*** Records ***

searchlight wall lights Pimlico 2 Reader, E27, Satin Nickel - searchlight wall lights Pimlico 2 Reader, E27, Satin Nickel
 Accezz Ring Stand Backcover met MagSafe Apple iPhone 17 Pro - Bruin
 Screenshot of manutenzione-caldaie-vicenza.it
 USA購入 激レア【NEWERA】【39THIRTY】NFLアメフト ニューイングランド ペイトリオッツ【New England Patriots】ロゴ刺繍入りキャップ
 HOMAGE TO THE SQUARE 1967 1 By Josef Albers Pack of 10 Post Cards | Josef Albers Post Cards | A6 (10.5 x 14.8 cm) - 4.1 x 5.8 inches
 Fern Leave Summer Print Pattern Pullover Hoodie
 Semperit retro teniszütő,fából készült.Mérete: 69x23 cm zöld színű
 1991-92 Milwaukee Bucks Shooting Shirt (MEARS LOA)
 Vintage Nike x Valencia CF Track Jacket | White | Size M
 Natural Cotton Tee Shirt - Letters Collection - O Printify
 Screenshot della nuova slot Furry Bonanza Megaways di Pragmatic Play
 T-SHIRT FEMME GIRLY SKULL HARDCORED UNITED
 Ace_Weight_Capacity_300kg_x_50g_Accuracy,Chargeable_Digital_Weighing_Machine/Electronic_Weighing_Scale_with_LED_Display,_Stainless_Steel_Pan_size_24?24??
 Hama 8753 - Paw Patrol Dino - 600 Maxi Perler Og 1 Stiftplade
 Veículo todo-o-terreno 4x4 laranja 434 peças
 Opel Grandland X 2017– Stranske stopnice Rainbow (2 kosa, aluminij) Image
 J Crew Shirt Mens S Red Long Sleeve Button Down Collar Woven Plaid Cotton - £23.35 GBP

***

▸ **Exercise brief**: Look above for the line with "USA購入 激レア【NEWERA】【39THIRTY】NFLアメフト ニューイングランド" and the line with "T-SHIRT FEMME GIRLY SKULL HARDCORED UNITED". Retype those two lines and every line between them exactly, adding nothing.

▸ **Response area**:
 USA購入 激レア【NEWERA】【39THIRTY】NFLアメフト ニューイングランド ペイトリオッツ【New England Patriots】ロゴ刺繍入りキャップ
 HOMAGE TO THE SQUARE 1967 1 By Josef Albers Pack of 10 Post Cards | Josef Albers Post Cards | A6 (10.5 x 14.8 cm) - 4.1 x 5.8 inches
 Fern Leave Summer Print Pattern Pullover Hoodie
 Semperit retro teniszütő,fából készült.Mérete: 69x23 cm zöld színű
 1991-92 Milwaukee Bucks Shooting Shirt (MEARS LOA)
 Vintage Nike x Valencia CF Track Jacket | White | Size M
 Natural Cotton Tee Shirt - Letters Collection - O Printify
 Screenshot della nuova slot Furry Bonanza Megaways di Pragmatic Play
 T-SHIRT FEMME GIRLY SKULL HARDCORED UNITED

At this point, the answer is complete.